Transposée à l’entreprise, cette idée conduit à voir l’organisation comme un ensemble de sous-systèmes (production, finance, RH, etc.) en interaction constante.
Pour éviter le désordre (l’entropie), le système met en place des mécanismes de régulation. Il capte des informations, les compare aux objectifs et ajuste ses actions.
C’est exactement le rôle du contrôle de gestion : mesurer, comparer, corriger. Celui-ci devient un instrument de pilotage global. Il permet de suivre l’ensemble des activités (plans, budgets, tableaux de bord), d’assurer la cohérence entre les différentes fonctions et d’aider à la décision face à un environnement incertain. Le contrôle statique devient dynamique, inspiré de la cybernétique : observer, analyser, ajuster en continu.
Cette vision systémique apporte plusieurs innovations conceptuelles.
- L’idée d’interdépendance entre les fonctions
- La reconnaissance d’un environnement incertain
- L’importance de la circulation de l’information
- La place du contrôle comme outil d’équilibre et d’apprentissage.
C’est une vision beaucoup plus réaliste de l’entreprise moderne, mais encore un peu abstraite pour la prise de décision concrète. C’est pourquoi une quatrième approche va chercher à préciser les mécanismes du choix et de l’action…
L’approche décisionnelle : rationalité limitée et prise de décision
À partir des années 1960, les chercheurs comme Herbert Simon, Cyert et March s’intéressent à la manière dont les individus prennent des décisions dans les organisations.
Contrairement à l’hypothèse économique classique où l’individu est parfaitement rationnel et informé, Simon montre que les décideurs disposent d’informations incomplètes, de temps limité et de capacités cognitives restreintes. Les individus ne cherchent pas la solution optimale, mais une solution satisfaisante. C’est le principe de la rationalité limitée.
Les entreprises sont alors vues comme des systèmes de décisions imbriquées, où chaque niveau (opérationnel, tactique, stratégique) prend des choix en interaction avec les autres.
La coordination devient donc un enjeu central et les outils de gestion doivent aider à structurer la prise de décision. Dans ce cadre, le contrôle de gestion est conçu comme un système d’information et de régulation. Il ne sert plus seulement à comparer le réel au prévu, mais à fournir des données utiles à la décision et à aider à l’apprentissage organisationnel.

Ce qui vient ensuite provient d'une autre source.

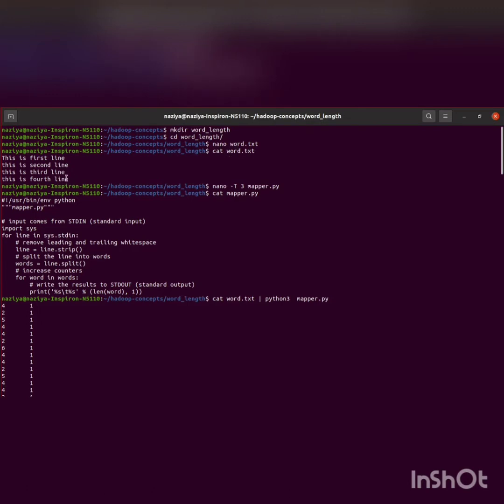For reading that, we'll use the cat command: cat word.text. Now I'll be creating mapper.py for performing the mapper task.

Le contrôle ex post (après coup) permet de mesurer les écarts, mais le plus important devient la préparation de la décision ex ante : scénarios, simulations, prévisions.
C’est la base des approches contemporaines du pilotage stratégique et du management par la performance.

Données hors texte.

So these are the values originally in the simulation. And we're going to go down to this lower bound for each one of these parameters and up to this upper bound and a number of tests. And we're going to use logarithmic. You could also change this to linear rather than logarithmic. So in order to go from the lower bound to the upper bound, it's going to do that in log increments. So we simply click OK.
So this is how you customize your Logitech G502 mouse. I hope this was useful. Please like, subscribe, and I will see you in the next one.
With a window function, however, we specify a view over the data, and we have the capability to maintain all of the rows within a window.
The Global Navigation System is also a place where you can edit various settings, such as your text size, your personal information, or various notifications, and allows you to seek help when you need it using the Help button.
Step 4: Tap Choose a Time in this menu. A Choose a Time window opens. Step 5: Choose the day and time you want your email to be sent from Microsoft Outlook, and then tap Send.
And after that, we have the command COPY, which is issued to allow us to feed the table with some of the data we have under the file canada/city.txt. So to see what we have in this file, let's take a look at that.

Évolution des structures organisationnelles
Les théories de l’organisation ne sont pas que des abstractions. Elles influencent directement la manière dont les entreprises se structurent.
- Dans la logique rationnelle et productive, la structure est hiérarchique et fonctionnelle (organigramme en râteau). Chaque fonction (production, finance, RH, etc.) a son rôle et le pouvoir est centralisé.
- Dans la logique des relations humaines, on introduit des structures plus souples, avec des équipes, des groupes de projet, des mécanismes de communication horizontale…
- Dans la vision systémique, on privilégie les structures en réseau et la coordination transversale.
- Dans la vision décisionnelle, on développe des structures matricielles, où les responsabilités sont partagées selon les projets et les produits.